ALLEN TOUSSAINT: OUR STUBBORNNESS FOR RHYTHM

News of Music
TODAY - Aug 30, 2010
ALLEN TOUSSAINT: OUR STUBBORNNESS FOR RHYTHM
“I believe that one thing that has held us together in New Orleans is our stubbornness for rhythm”, explains Allen Toussaint five years on from the Katrina tragedy.

 

For the iconic jazz and rhythm and blues musician, composer and producer, many things happen in America, but New Orleans, the Louisiana city that was devastated by Hurricane Katrina in August 2005, is unique. "There is something very special happening in Memphis. And there is something very special happening in Nashville. And in Texas. But I do know we feel very special in New Orleans as well and very tight knitted." In an interview with Ari Surdoval for the music publisher, BMI, Toussaint explains by referring to the sound that gives the Mardi Gras city its identity. "We like the acoustic world very much, and I think the brass bands have something to do with that.
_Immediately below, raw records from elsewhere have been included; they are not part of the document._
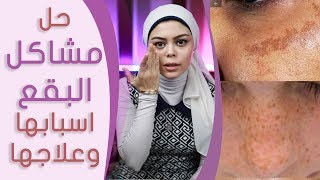 حل مشاكل البقع اسبابها وطرق علاجها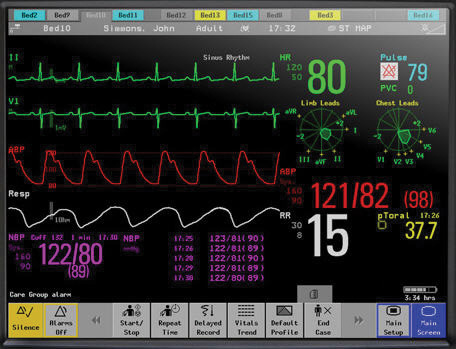 Patient Monitor.jpg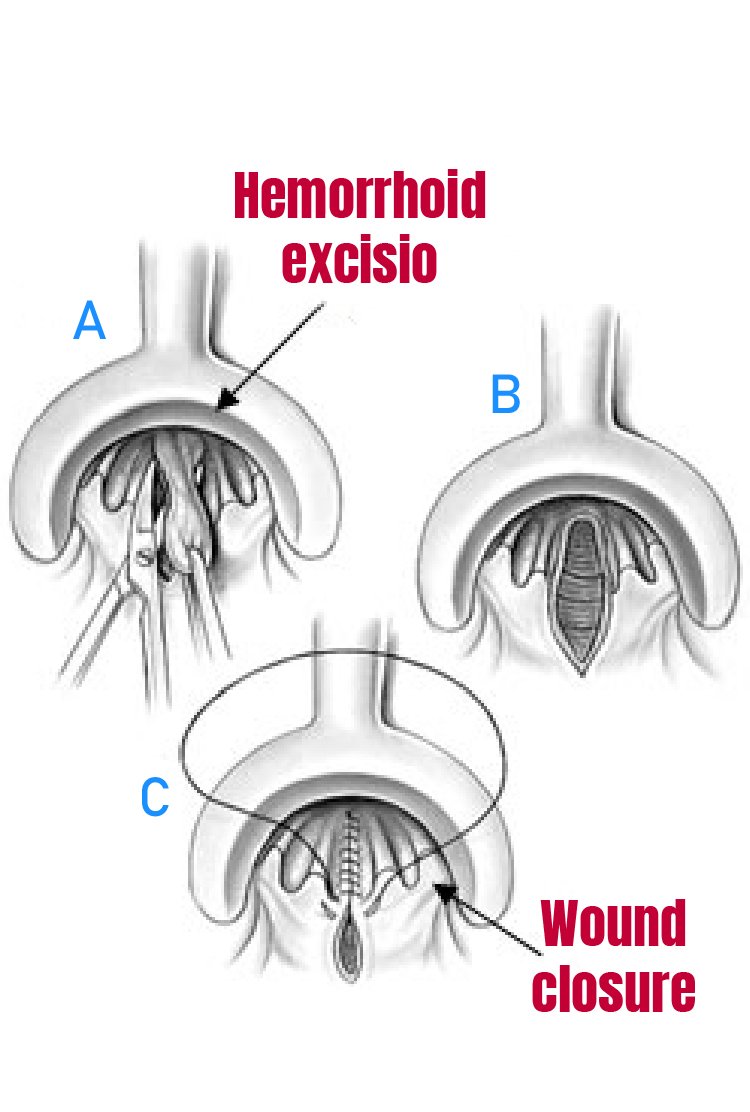 conventional_hemorrhoidectomy_in_turkey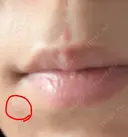シミ取りレーザー さっぽろ美容クリニック AFTER サムネイル用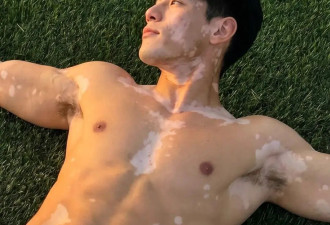 爆火的白癜风男模Russel，到底是真人励志偶像，还是AI捏出来的流量密码？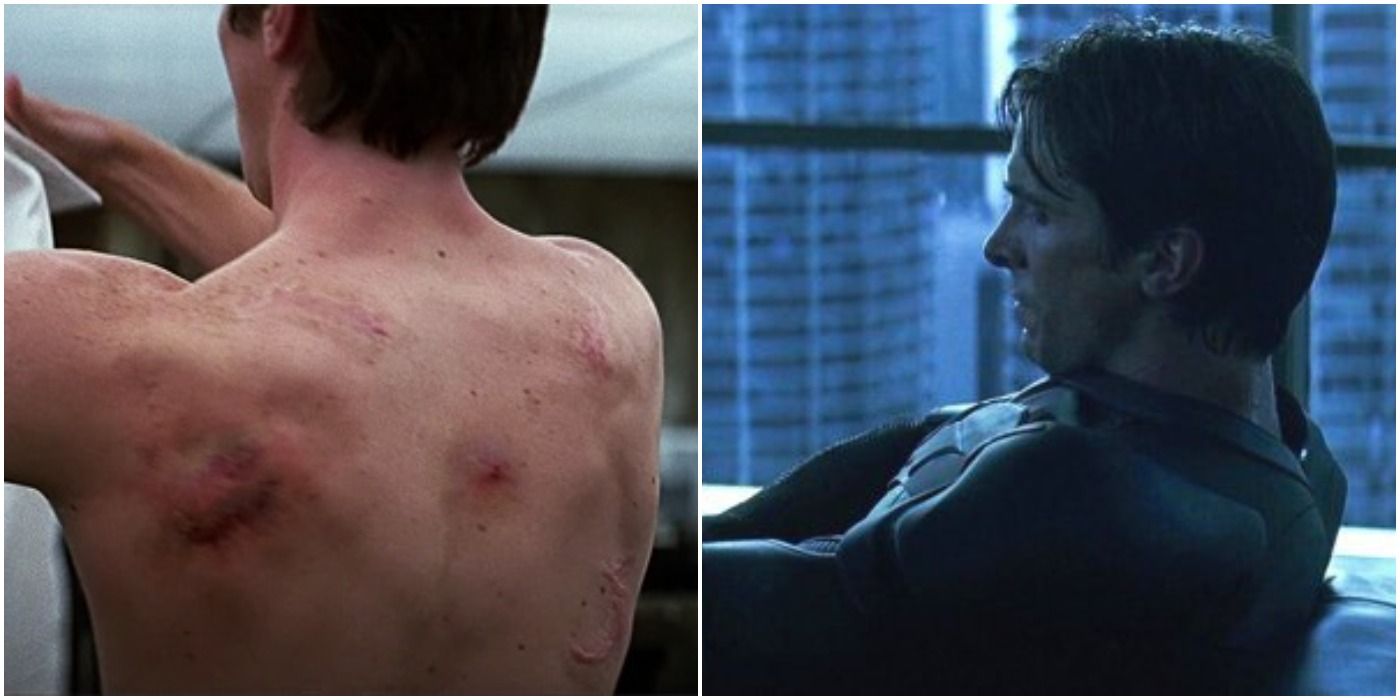 The physical and mental scars of being Batman in The Dark Knight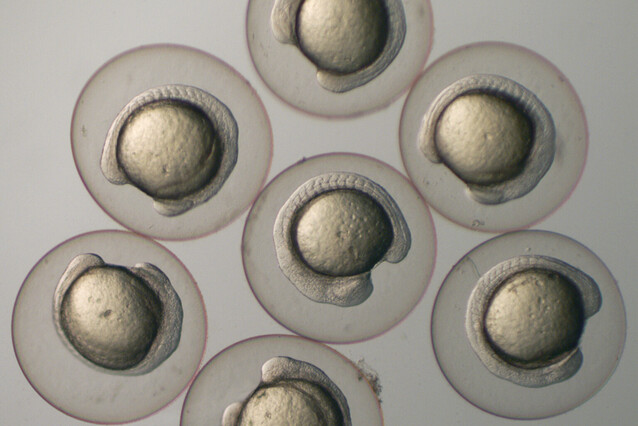 Seven zebrafish embryos float on a grey background. They look like frog eggs, but the yolk is surrounded by a curved, transluscent embryo.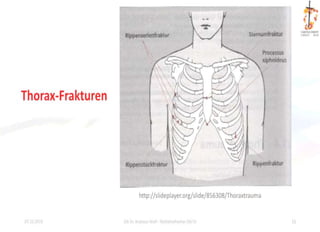 Das Kindliche Thoraxtrauma S2K Leitlinie Polytraumaversorgung Im das-kindliche-thoraxtrauma-s2k-leitlinie-polytraumaversorgung-im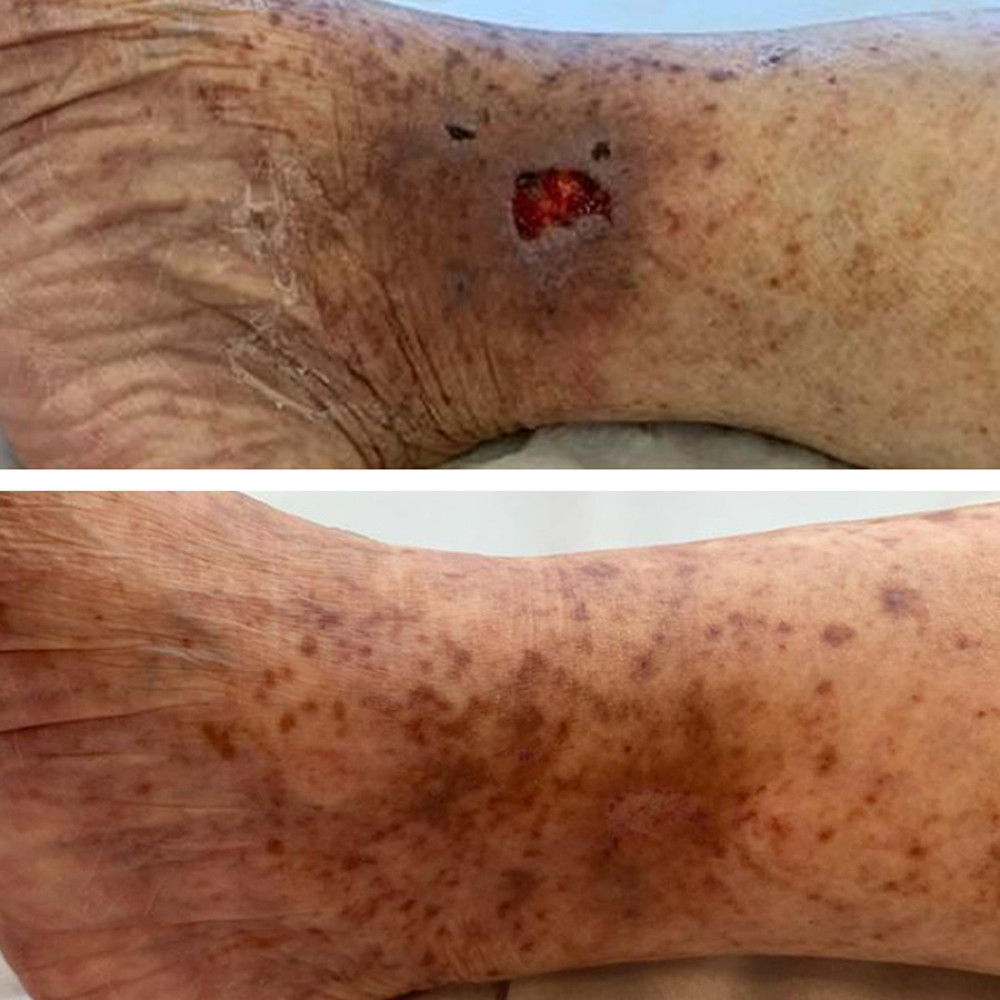 Photographic comparison: Above, initial ulcerative lesions, and below, only post-inflammatory hyperchromia without scar changes.
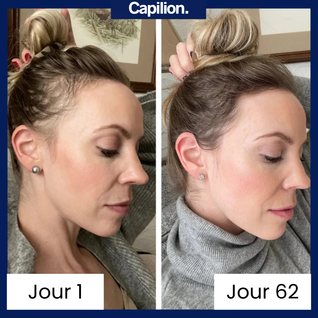 Roll-On Sérum Repousse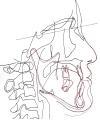 開咬セファロ顔重.jpg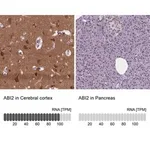 Merck Anti-ABI2 antibody produced in rabbit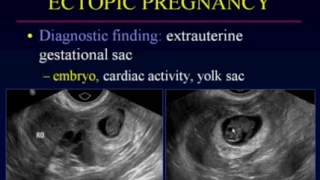 Sonographic Evaluation of Ectopic Pregnancy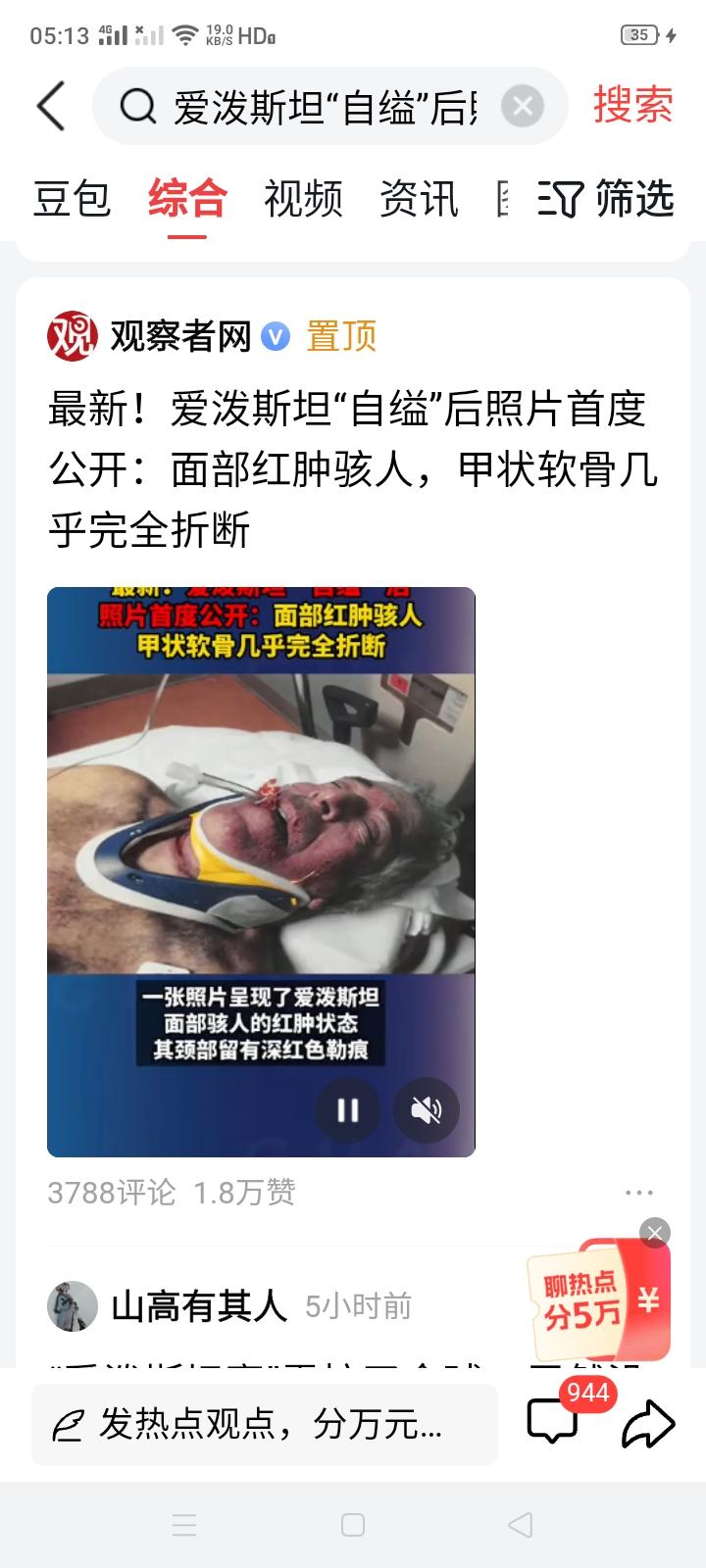 “罗莉岛”事件以爱泼斯坦的“自溢”而剧终，而参与“性侵”、“吃娃娃菜”的一众大佬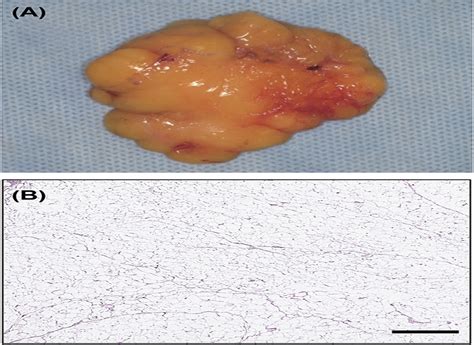 Liposarcoma Preoperatively Diagnosed as Lipoma: 10-Year Expe ...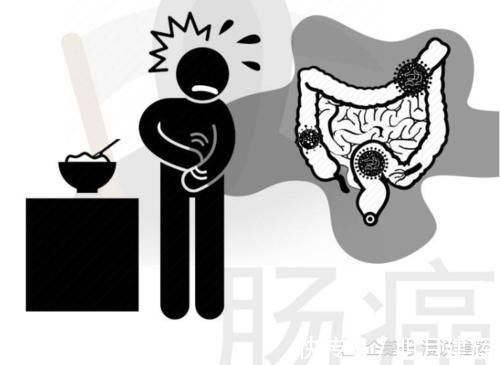 肠癌|常便秘的人若排便伴有2个症状,需当心,这或是肠癌在“搞事情”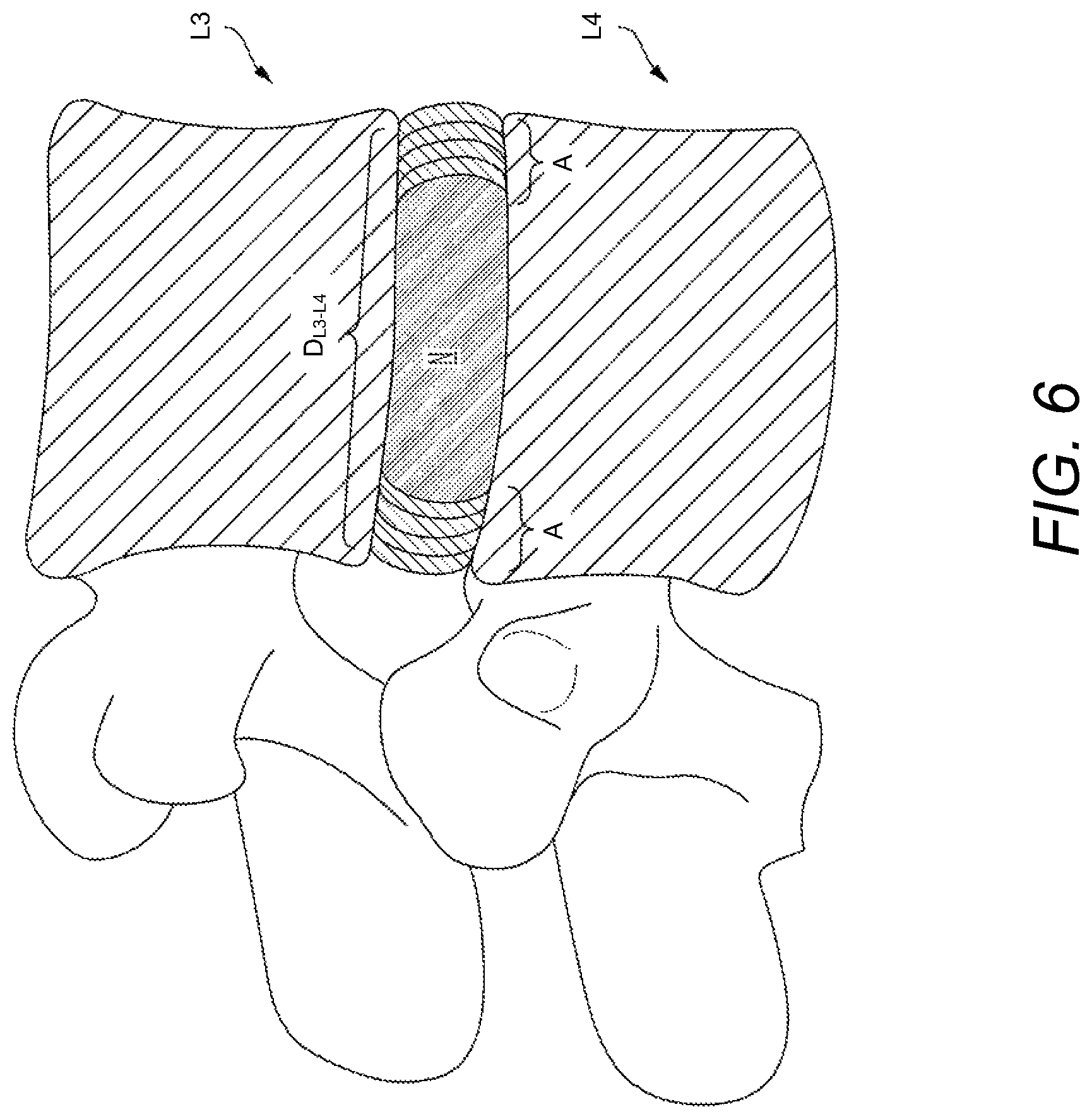 Patent US12102537 Figure 6 – Minimally invasive expandable intervertebral fusion implant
When you march up and down the street, that has to be acoustic, of course. So we have stayed closer to an earthier concept than some other places that plugged into the big hum. And I'm not saying that is better or worse." An influential figure in southern African American music, Allen Toussaint (Get Town, 1938), is better known for his compositions than his records, having only recorded a dozen albums in fifty years. These classics of the New Orleans sound include Play Something Sweet, Get Out Of My Life Woman, Southern Nights, Everything I Do Gonna Be Funky, I'll Take a Melody and, above all, Mother-In-Law. His work as a producer is also highly acclaimed; giving everything he touches a Louisiana flavour that always sounds good. He has produced for Lee Dorsey, Solomon Burke, Paul McCartney, Glen Campbell, and Elvis Costello, and this influence and knowledge of the artistic world makes him optimistic about the future of his city after the exodus caused by the tragedy. "Everyone didn't come back on the same train - never does. But everyone is coming back. One way or another," and regarding the intangibility of New Orleans culture: "The spirit didn't get drowned. The spirit got baptized. Very solid things got drowned, but not the spirit of New Orleans." David Simon, the renowned producer of The Wire, shares the same opinion. His new series, Treme, is based on the culture of the city, and features musical guests such as Allen Toussaint. Produced by HBO, Treme takes its name from a popular neighbourhood in north New Orleans and follows the trials and tribulations of a number of characters, many of whom are musicians, three months after Katrina struck. And fiction merges with the real lives of Dr. John, Elvis Costello and Allen Toussaint, as they seek to keep alive the spirit that refuses to perish.